> _What needs to be done_: Give back an exact copy of the lines from the start of the material through the line bearing "NatureMark Zestaw 4". Include both ends and nothing else.

> _Records shown_:
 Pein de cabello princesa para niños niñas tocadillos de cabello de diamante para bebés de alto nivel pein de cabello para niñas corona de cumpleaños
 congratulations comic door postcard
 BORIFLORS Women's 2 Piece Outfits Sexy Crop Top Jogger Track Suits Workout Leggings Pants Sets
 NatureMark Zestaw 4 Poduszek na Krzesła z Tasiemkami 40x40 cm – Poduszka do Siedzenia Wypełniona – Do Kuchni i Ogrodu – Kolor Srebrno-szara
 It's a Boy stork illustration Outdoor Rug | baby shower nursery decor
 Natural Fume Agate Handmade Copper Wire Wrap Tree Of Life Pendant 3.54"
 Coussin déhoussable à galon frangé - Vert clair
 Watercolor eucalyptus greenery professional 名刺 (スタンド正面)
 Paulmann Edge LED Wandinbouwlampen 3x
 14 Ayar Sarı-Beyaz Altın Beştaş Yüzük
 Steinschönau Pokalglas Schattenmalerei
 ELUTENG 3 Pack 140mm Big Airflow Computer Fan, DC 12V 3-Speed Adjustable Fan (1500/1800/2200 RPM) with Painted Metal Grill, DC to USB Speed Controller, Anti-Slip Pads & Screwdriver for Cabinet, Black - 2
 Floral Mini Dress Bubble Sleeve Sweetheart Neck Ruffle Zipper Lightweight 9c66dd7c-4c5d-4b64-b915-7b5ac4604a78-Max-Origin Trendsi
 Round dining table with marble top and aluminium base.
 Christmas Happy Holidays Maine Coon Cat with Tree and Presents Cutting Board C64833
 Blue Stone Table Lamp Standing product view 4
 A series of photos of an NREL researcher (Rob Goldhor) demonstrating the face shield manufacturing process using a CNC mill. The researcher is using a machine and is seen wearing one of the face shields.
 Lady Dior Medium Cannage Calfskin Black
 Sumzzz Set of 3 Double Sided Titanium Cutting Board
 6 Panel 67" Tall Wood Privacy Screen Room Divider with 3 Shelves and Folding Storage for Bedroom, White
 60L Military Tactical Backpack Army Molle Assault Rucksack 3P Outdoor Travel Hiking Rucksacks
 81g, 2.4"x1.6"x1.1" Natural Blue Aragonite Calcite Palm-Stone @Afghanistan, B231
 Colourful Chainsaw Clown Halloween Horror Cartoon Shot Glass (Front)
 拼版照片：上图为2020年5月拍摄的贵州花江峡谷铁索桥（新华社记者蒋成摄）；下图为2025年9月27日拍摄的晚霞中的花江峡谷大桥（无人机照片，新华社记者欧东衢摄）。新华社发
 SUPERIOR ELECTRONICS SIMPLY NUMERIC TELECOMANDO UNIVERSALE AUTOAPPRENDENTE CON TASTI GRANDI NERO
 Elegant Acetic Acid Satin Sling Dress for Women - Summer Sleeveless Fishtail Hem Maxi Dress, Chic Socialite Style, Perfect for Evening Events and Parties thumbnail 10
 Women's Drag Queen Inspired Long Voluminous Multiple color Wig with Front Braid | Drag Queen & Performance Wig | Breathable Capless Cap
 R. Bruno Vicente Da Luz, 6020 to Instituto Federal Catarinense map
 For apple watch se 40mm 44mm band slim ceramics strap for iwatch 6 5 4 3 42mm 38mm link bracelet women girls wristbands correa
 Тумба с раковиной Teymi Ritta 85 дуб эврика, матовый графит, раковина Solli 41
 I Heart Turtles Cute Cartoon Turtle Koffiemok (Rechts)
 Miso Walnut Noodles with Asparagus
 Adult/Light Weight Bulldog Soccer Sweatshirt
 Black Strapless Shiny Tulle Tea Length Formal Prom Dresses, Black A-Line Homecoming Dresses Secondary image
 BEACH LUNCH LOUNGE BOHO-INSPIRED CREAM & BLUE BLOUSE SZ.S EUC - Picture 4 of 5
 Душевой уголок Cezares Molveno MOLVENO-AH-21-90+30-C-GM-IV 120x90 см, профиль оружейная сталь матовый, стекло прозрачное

> _Problem solution_:
 Pein de cabello princesa para niños niñas tocadillos de cabello de diamante para bebés de alto nivel pein de cabello para niñas corona de cumpleaños
 congratulations comic door postcard
 BORIFLORS Women's 2 Piece Outfits Sexy Crop Top Jogger Track Suits Workout Leggings Pants Sets
 NatureMark Zestaw 4 Poduszek na Krzesła z Tasiemkami 40x40 cm – Poduszka do Siedzenia Wypełniona – Do Kuchni i Ogrodu – Kolor Srebrno-szara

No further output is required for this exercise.